With the nation’s Medicare trustees predicting that Medicare will run out of funds in 2019, the solvency of Medicare and Medicaid is a pressing personal issue. They ask: What happens if health care costs increase to a point that government-sponsored insurance must ration or cut back? What happens if, because of rising prices, we have an increasingly hard time finding supplemental insurance plans we can afford and that covers what we need covered?

The uninsured. Again according to the Census Bureau, one in five Floridians have no health insurance — the third-highest rate in the nation.

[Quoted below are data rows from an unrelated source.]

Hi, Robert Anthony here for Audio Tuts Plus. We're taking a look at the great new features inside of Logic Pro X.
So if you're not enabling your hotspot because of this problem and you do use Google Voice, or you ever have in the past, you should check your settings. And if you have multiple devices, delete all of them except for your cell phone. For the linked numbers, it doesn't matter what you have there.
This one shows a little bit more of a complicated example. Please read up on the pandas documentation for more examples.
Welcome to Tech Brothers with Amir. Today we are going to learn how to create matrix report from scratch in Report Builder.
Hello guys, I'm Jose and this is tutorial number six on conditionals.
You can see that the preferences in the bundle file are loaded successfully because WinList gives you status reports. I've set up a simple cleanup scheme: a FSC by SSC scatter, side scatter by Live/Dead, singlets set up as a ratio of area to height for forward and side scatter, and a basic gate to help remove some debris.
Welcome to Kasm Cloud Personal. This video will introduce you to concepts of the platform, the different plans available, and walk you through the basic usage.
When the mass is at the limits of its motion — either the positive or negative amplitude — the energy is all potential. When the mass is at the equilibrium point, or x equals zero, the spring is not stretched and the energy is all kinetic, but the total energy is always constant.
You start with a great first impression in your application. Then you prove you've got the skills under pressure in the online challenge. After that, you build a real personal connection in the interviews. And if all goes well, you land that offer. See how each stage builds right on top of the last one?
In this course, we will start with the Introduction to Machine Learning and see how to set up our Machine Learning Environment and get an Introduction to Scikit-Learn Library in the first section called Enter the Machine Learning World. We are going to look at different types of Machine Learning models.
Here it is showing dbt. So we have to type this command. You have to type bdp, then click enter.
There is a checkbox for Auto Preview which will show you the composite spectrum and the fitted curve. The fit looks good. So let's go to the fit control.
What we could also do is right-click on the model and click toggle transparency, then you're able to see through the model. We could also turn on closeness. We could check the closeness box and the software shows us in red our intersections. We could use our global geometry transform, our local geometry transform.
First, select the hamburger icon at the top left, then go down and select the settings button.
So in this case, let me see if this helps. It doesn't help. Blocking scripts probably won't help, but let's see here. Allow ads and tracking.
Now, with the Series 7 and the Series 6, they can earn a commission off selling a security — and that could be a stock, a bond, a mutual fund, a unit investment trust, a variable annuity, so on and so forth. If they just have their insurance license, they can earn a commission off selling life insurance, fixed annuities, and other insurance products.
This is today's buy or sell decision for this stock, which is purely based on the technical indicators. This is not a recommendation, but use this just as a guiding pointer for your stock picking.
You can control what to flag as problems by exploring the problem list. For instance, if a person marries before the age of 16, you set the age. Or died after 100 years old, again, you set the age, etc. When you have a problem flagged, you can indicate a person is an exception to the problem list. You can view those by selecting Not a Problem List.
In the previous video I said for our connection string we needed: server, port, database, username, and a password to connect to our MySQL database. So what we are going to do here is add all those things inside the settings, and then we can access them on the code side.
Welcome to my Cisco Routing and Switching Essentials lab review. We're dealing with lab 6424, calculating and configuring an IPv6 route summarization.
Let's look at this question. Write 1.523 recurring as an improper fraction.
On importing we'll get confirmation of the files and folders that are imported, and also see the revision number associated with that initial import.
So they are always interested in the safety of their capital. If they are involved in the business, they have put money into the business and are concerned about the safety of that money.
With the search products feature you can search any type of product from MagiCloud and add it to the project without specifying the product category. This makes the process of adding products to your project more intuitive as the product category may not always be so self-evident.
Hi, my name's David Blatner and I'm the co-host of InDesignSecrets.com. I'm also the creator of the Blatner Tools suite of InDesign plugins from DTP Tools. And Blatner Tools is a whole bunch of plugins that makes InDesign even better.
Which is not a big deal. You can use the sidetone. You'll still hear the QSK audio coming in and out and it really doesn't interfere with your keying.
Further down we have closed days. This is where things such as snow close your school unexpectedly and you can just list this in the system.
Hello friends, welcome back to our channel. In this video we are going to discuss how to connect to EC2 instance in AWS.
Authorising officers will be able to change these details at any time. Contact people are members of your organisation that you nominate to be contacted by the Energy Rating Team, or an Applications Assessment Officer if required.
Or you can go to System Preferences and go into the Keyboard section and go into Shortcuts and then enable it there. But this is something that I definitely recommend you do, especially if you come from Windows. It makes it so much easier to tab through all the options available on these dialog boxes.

Many who are uninsured will be so only for a few months. Others are young and have decided to skip coverage — or are poor and eligible for Medicaid but have not applied. Still others are undocumented workers. But that leaves many — perhaps as much as a quarter of the total — who want insurance, are not eligible for government programs and cannot afford the premiums.

Their employer — often a small business — may not be able to afford a plan. Or they may be self-employed and denied the tax benefits that make buying health insurance through employers almost mandatory. They ask: How can costs come down and the system be changed to meet our needs?

Finding a national solution to these questions cannot be the work of one political party or one group of experts, no matter who wins the November elections. The issues are too big to make rushing through any narrow group’s solution possible or desirable.

That’s why, this week in Orlando, two organizations — one made up of Republicans, the other of Democrats — are convening the first-of-its-kind meeting of national political leaders and policy experts from all points of view to seek common ground. It, too, is an unlikely coalition — labor and business, consumers and industry leaders, elected officials and doctors.

Our goal is to jump-start the action phase of the national health-care discussion.

Even now, in the middle of a presidential campaign, it is time to start reaching beyond partisanship to find solutions on which all Americans of good will can agree — both for Florida and for the entire nation.